Segment Start: Source material
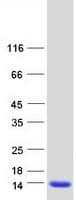 Human RETN / Resistin Protein (Recombinant Myc-DDK (Flag))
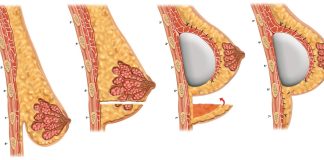 Técnica brasileira de mastopexia é sistematizada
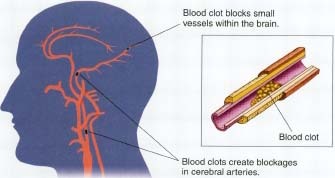 A blockage in an artery that supplies blood to the brain can cause an ischemic stroke.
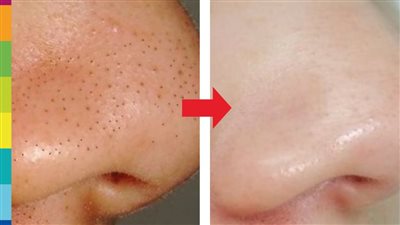 أسرع ماسكات طبيعية للتخلص من الرؤوس السوداء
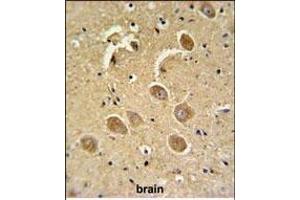 Immunohistochemistry (Paraffin-embedded Sections) (IHC (p)) image for anti-Caspase 3 (CASP3) (AA 149-179), (Asp175) antibody (ABIN651176)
Segment End: Source material
* Problem to solve
Reproduce the listing above from the line that contains "أسرع ماسكات طبيعية للتخلص من الرؤوس السوداء" through its final line, exactly and with nothing added. Omit the images.

* Solution to this problem
 أسرع ماسكات طبيعية للتخلص من الرؤوس السوداء
 Immunohistochemistry (Paraffin-embedded Sections) (IHC (p)) image for anti-Caspase 3 (CASP3) (AA 149-179), (Asp175) antibody (ABIN651176)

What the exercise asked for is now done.